Hazle Creek

Hazle Creek is an American tributary source stream of the Lehigh and Delaware Rivers in the Commonwealth of Pennsylvania in the United States.

A source stream via Black Creek in Carbon County that originates in southern Luzerne County on the east side of the saddle of an important mountain pass, which hosts a transportation infrastructure corridor, this creek's source area is located within the east-side neighborhoods of Hazleton, Pennsylvania.

The entire city is low lying relative to the surrounding mountainous Ridge-and-Valley Appalachians and historically was known as the "Great Swamp" and other names with either wilderness or swamp being appended—the whole area extending over 20 miles (32 km) to the Lehigh Gap was heavily forested with low-lying areas generally being swampy pinewood forests.

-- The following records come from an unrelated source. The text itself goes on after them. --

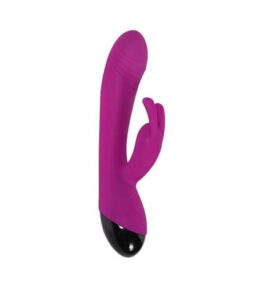 G-Punkt Rabbit Vibrator Duo - Pink
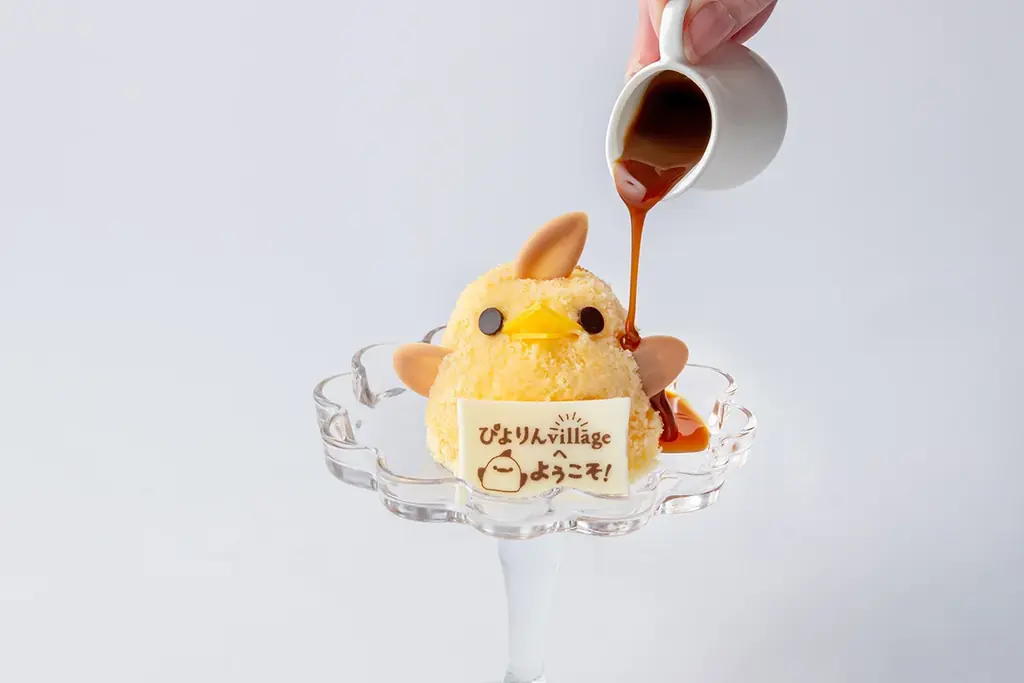 ぴよりんの世界観を体感できる“新たな聖地” cafe＆gifts「ぴよりんvillage」JR名古屋駅に2026年6月15日開業！ 画像 11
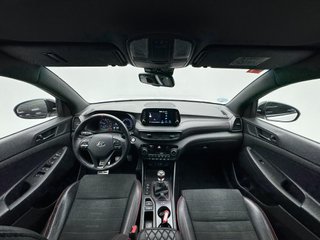 Hyundai Tucson 1.6 TGDI 130kW (177CV) N-Line 4X2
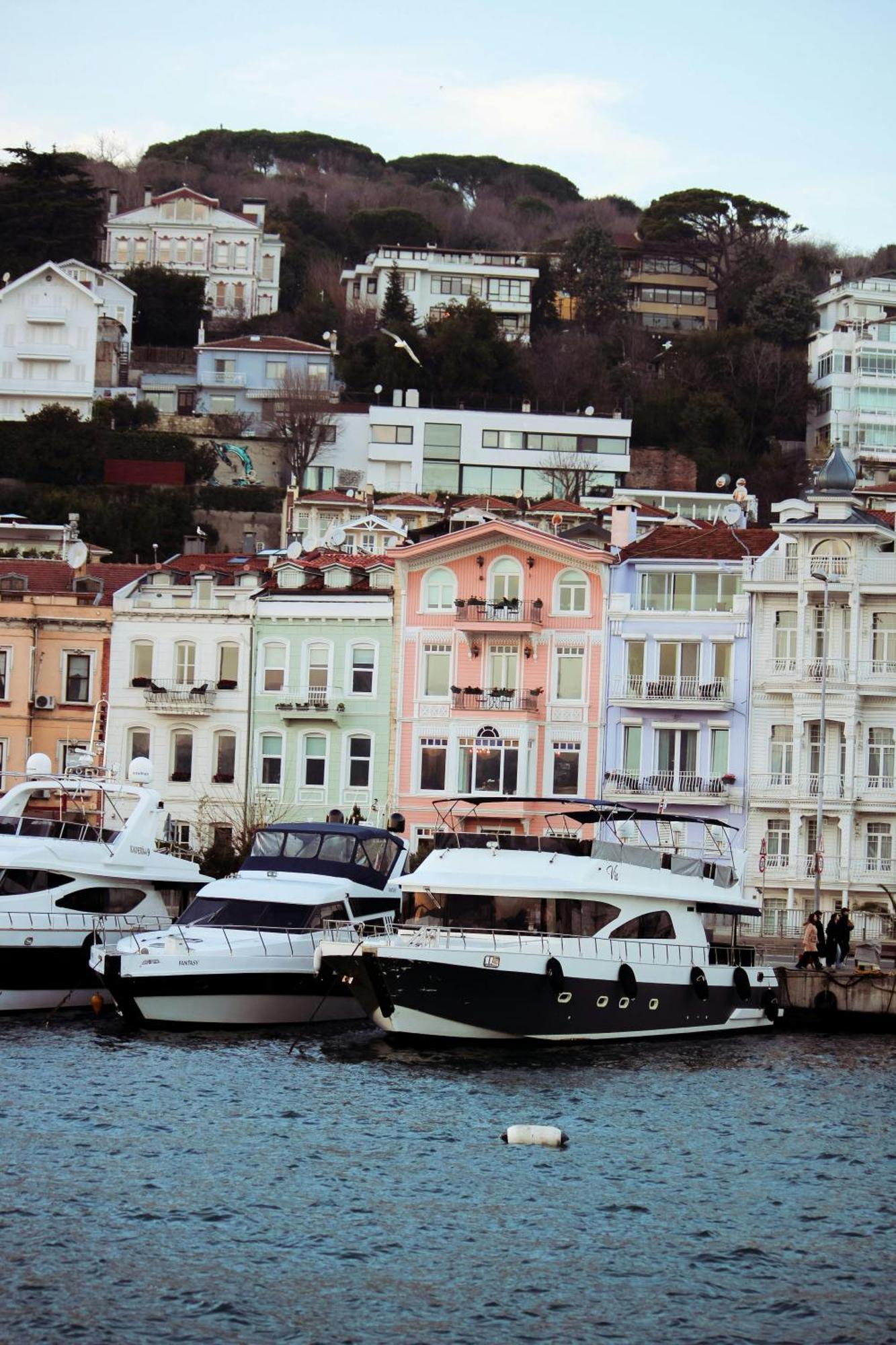 New Pera Aparthotel Istanbul Eksteriør bilde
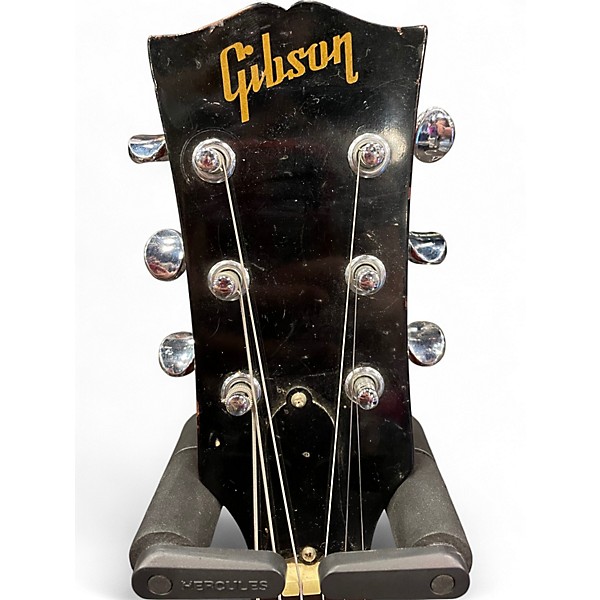 Vintage 1967 Gibson B25 Heritage Cherry Acoustic Guitar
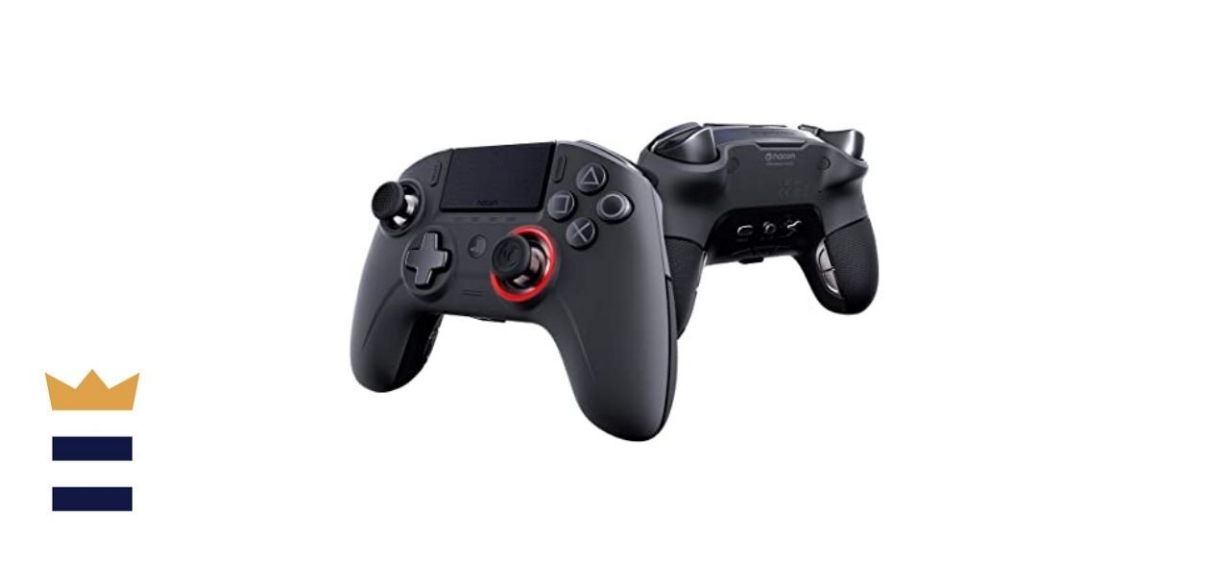 Nacon Revolution Unlimited Pro Controller For PS4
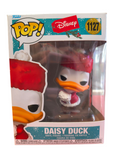 Funko Pop! Disney Holiday Christmas Daisy Duck #1127 Vinyl Figure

Initially part of the terrain traversed by the Amerindian trail known to white settlers as the "Warriors' Path", the creek's water gap hosted an early crude wagon road, the Lausanne-Nescopeck Road, which connected the Moravians in Bethlehem and the lower Luzerne County settlements of "Saint Anthony's Wilderness", the earliest being those along the Nescopeck Creek in a village known as St. Johns in the late 1700s.

The city of Hazleton sits astride the pass connecting the watershed of the Lehigh to the Susquehanna-drained tributaries along the west side of the borough.